Estaba tan confiado en recibir una mirada de reproche, que se sorprendió cuando ella asintió con la cabeza. Definitivamente, pensó, con la luz del día todo se veía distinto.
—Lia —dijo preocupado—, siento todo lo que nos está ocurriendo. Admito que lo lógico es que fuéramos en busca de ayuda, pero si lo hacemos sin una buena cobertura no nos servirá de nada. Quienquiera que nos siga, antes o después nos atrapará, y, al fin y al cabo, no tenemos nada para protegernos de ese alguien, salvo la suposición de que Milas encontró aquí el maldito chip.
—Ya lo sé —respondió ella, sin perder su aspecto cansado—. Ya te he dicho que te acompañaré en esto, pero estoy muerta de miedo —dijo ella torciendo el gesto—, no sé si eres capaz de entenderlo. De hecho, si sigo andando es porque es el miedo el que me empuja —se detuvo para suspirar y añadir—: pero es algo que no me va a durar mucho tiempo. Solo quiero que esto acabe e irme a casa de una vez sin que nadie intente matarme.
Alex deseaba igualmente que todo aquello terminara, pero, sobre todo, para disfrutar con ella de una nueva vida juntos, algo que no parecía rondar por la cabeza de Lia, pensó. Siguió caminando con resignación sin atreverse a decir nada por miedo a empeorar las cosas. Meditando las posibles respuestas que darle a su compañera, vio aparecer una roca, de aspecto más o menos rectangular, y de unos dos metros de altura por cuatro de ancho que parecía emerger del suelo. Con un gesto rápido consultó su teléfono.

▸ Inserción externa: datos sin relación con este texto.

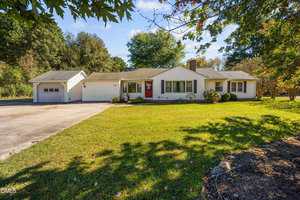 Single-story white house with a red front door, attached garage, large front lawn, and trees in the background under a clear sky. The driveway leads to the garage on the left side of the house.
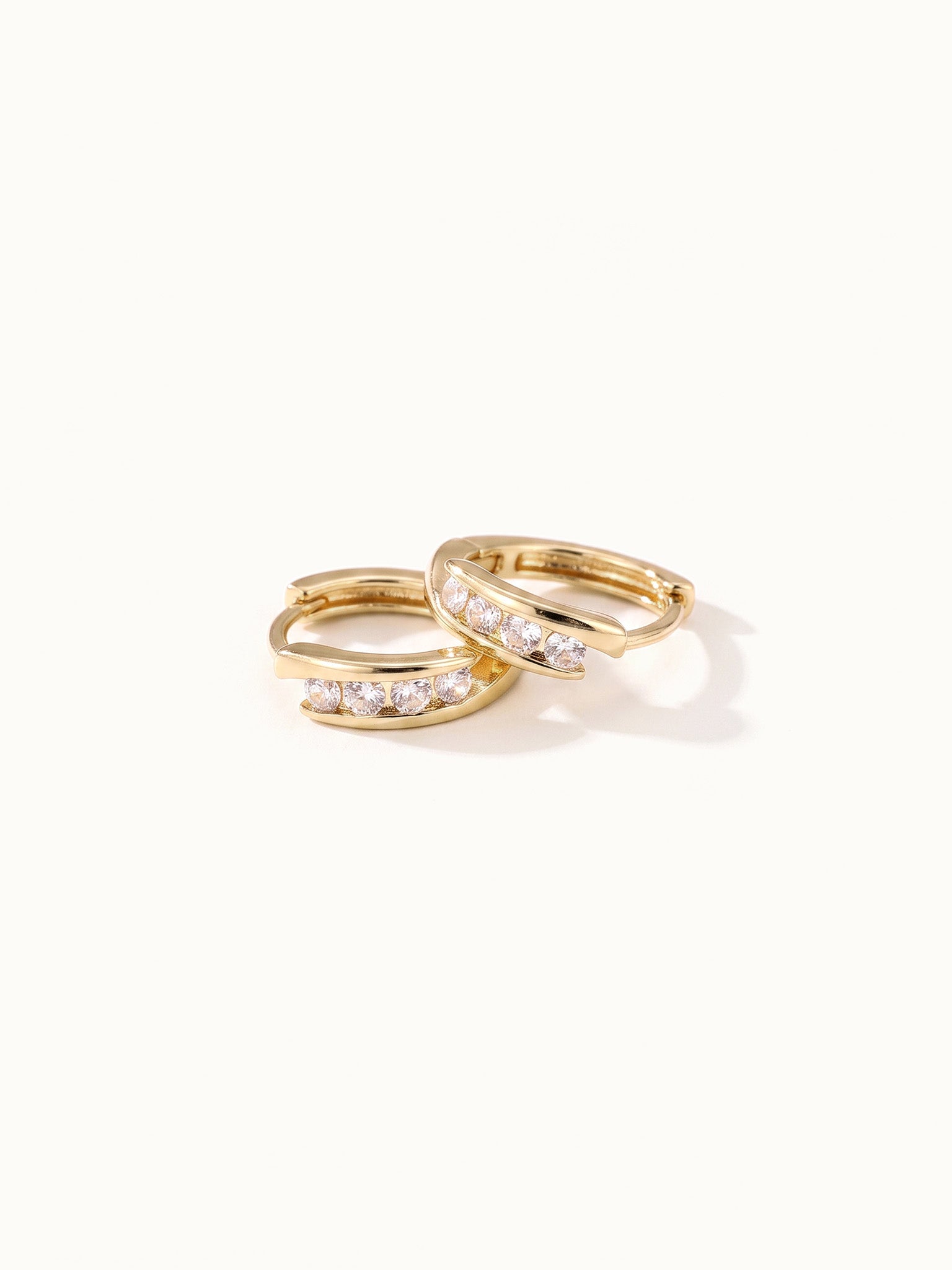 Four Seasons Huggies – pair of four-stone huggie hoops, gold, on ivory background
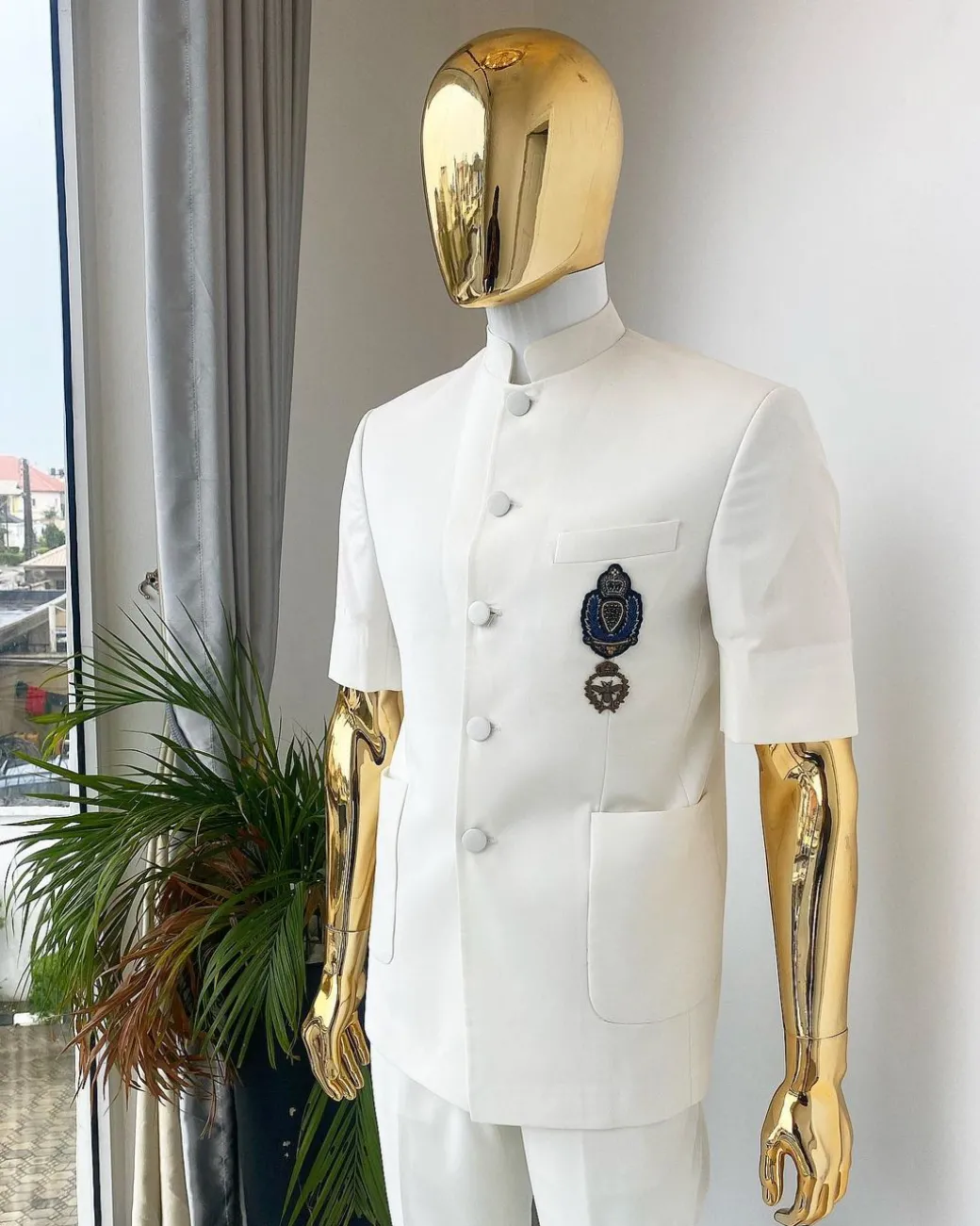 An Ivory White “French” Safari Suit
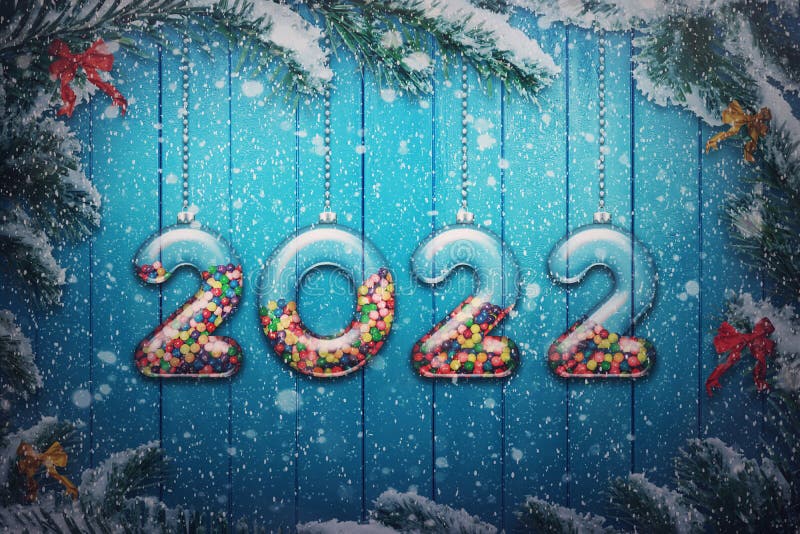 Happy New Year 2022 holiday background. Set of transparent numbers made of glass filled with multi colored candy and sweets hang. On snowy Christmas tree royalty free stock photo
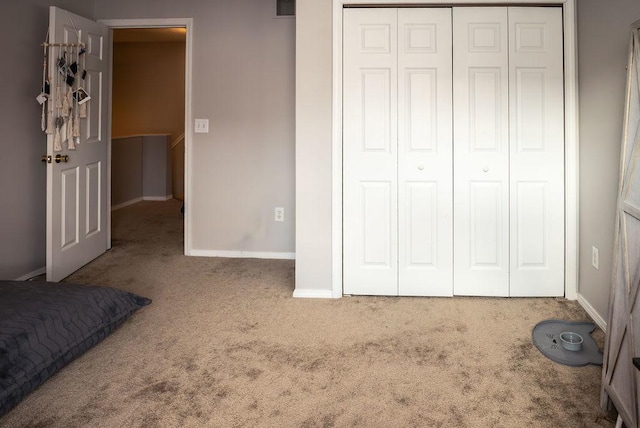 unfurnished bedroom featuring carpet and a closet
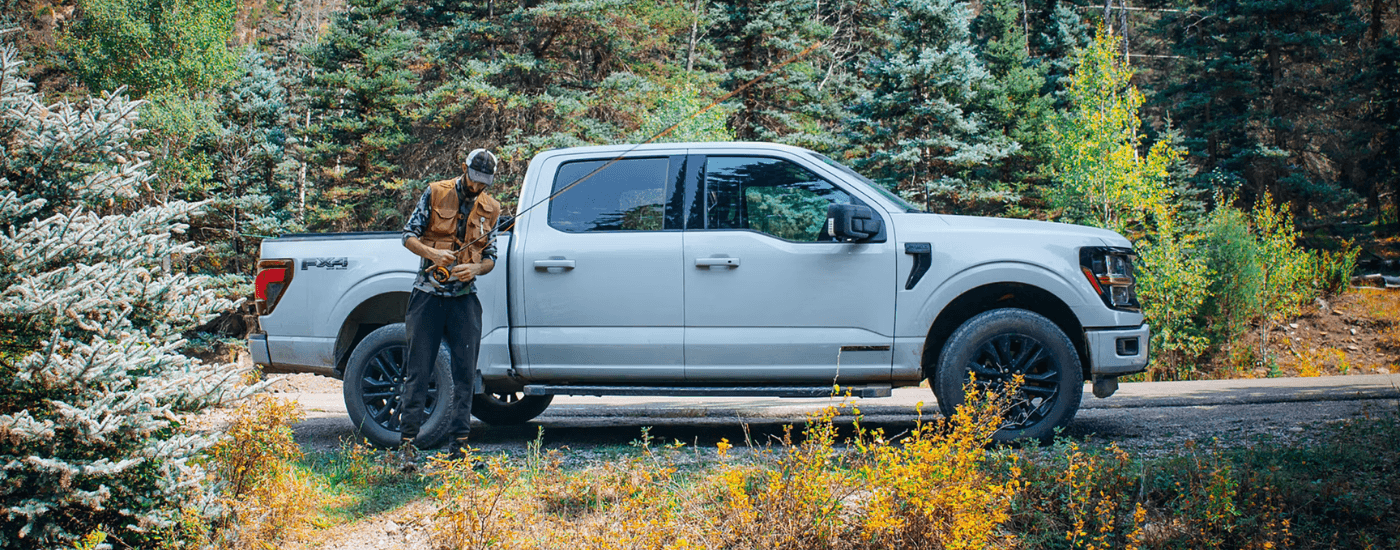 A person sets up a fishing rod next to their silver 2025 Ford F-150 Lariat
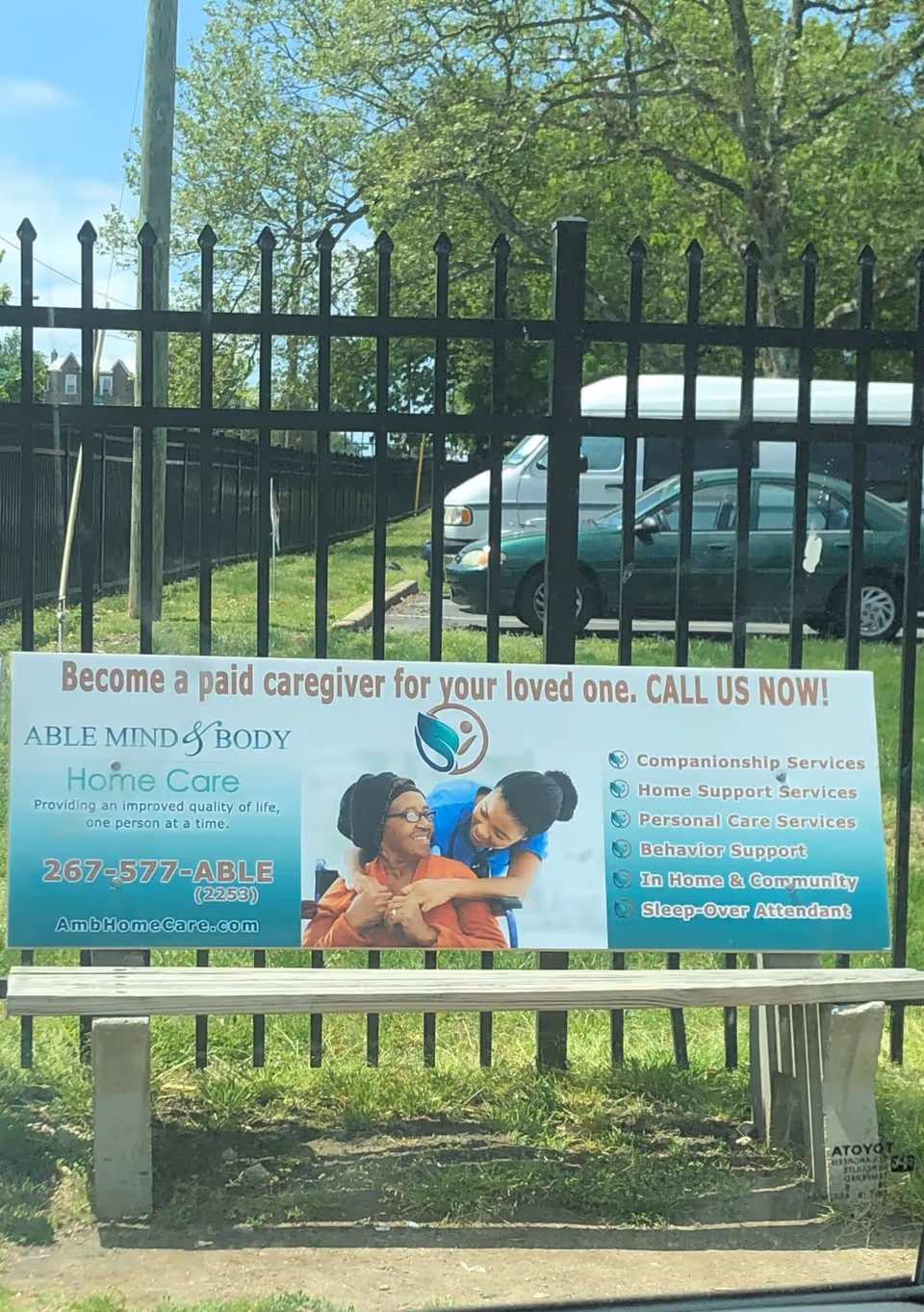 Outdoor fence banner promoting Able Mind & Body Home Care beside a bench.
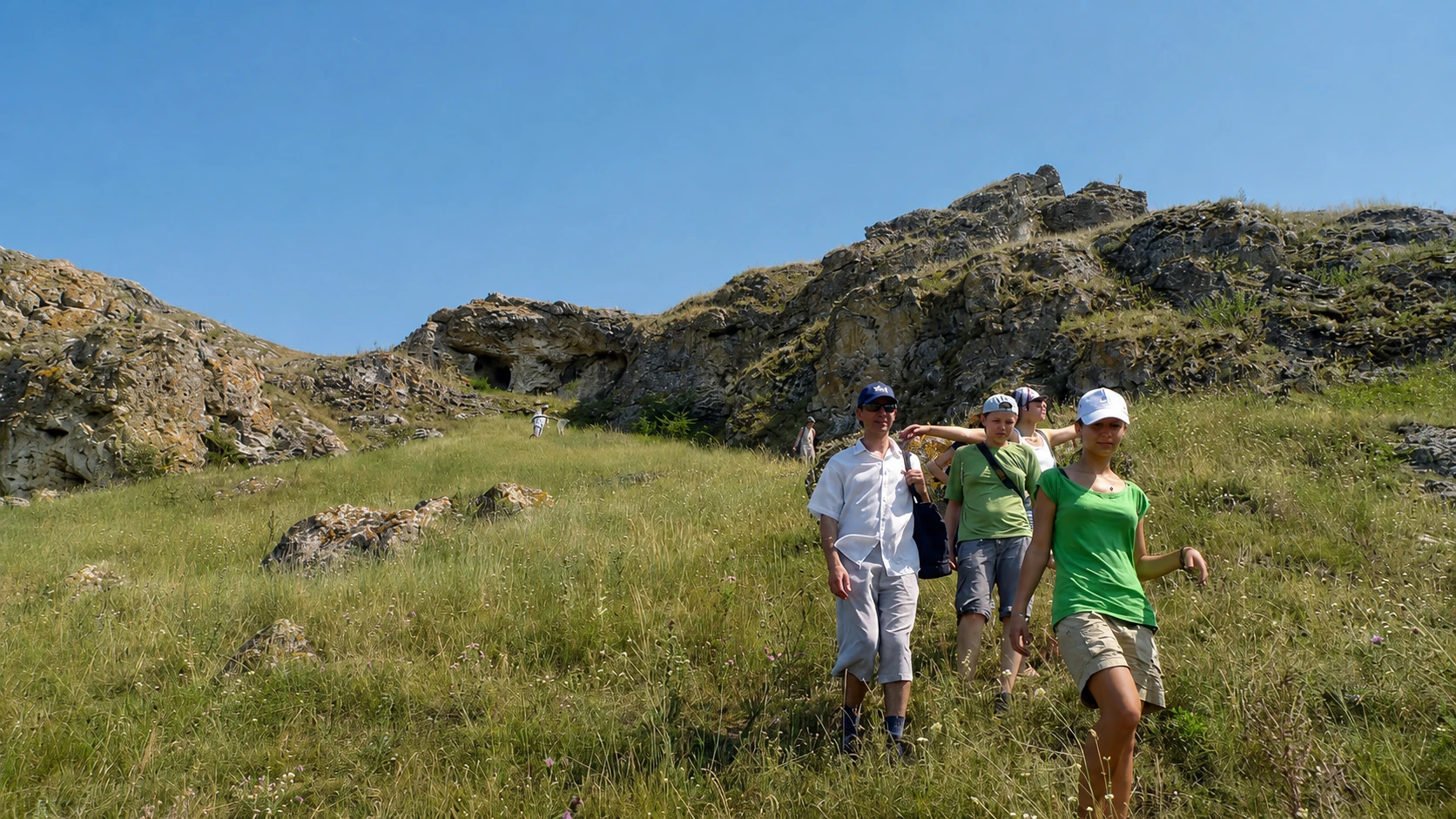 Grup de turiști coborând de la Stânca Dragostei, recif de calcar cu grote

—Es aquí —dijo, con un ligero temblor en los dedos.
Despacio, echó un vistazo a su superficie: estaba cubierta de vegetación, musgo y algunas ramas caídas. Nada más que le llamara la atención.
—Busquemos por separado —le dijo a Lia.
Ella asintió y comenzó a palpar la superficie. Él la imitó y al cabo de unos minutos se reencontraron al otro lado. Ninguno había encontrado nada.
—¿Y si no es aquí? —preguntó ella.
—Tiene que ser —insistió él, aunque preocupado—. Pensemos los dos juntos. No me ha gustado dejar de verte, aunque haya sido solo unos instantes… —añadió, sonriendo.
Ella también sonrió levemente, y él sintió una oleada de endorfinas recorriendo sus venas. Esa mujer le volvía loco: haría lo que fuera por tenerla, y algo le decía que estaban cerca de la solución.
—Tiene que haber algo por aquí —dijo él, sin separar sus manos de la piedra—, los archivos de Milas no dejan lugar a dudas.
—¿Y si marcó el sitio de forma incorrecta? Para despistar, por ejemplo —dijo ella.
—¿Milas? —contestó él, frunciendo el ceño—. No lo creo, recuerda que guardaba todo a buen recaudo en un ordenador que ni siquiera conectaba a Internet. Nadie sabía quién era él ni los viajes que había hecho, por supuesto dudo que deseara volver aquí, pero sí el vender la información en el futuro. Milas investigaba historias sucias, pero era un tipo bastante directo, bastante distinto a mí, por ejemplo —dijo sonriendo—. Yo sí alteraría la información; pero no creo que él lo hiciera.
—Pues entonces nos hemos equivocado… —dijo ella, mordiéndose el labio.
—O no estamos enfocando el problema con la perspectiva adecuada —dijo él, mirando hacia arriba.
—¿Qué?
Pero Alex ya no estaba a su lado. Se había encaramado a la roca, agarrándose de las matas y de un saliente.
—¿Dispuesta a ver el problema desde un nuevo punto de vista? —preguntó él, sonriendo mientras le tendía la mano desde la parte superior de la roca.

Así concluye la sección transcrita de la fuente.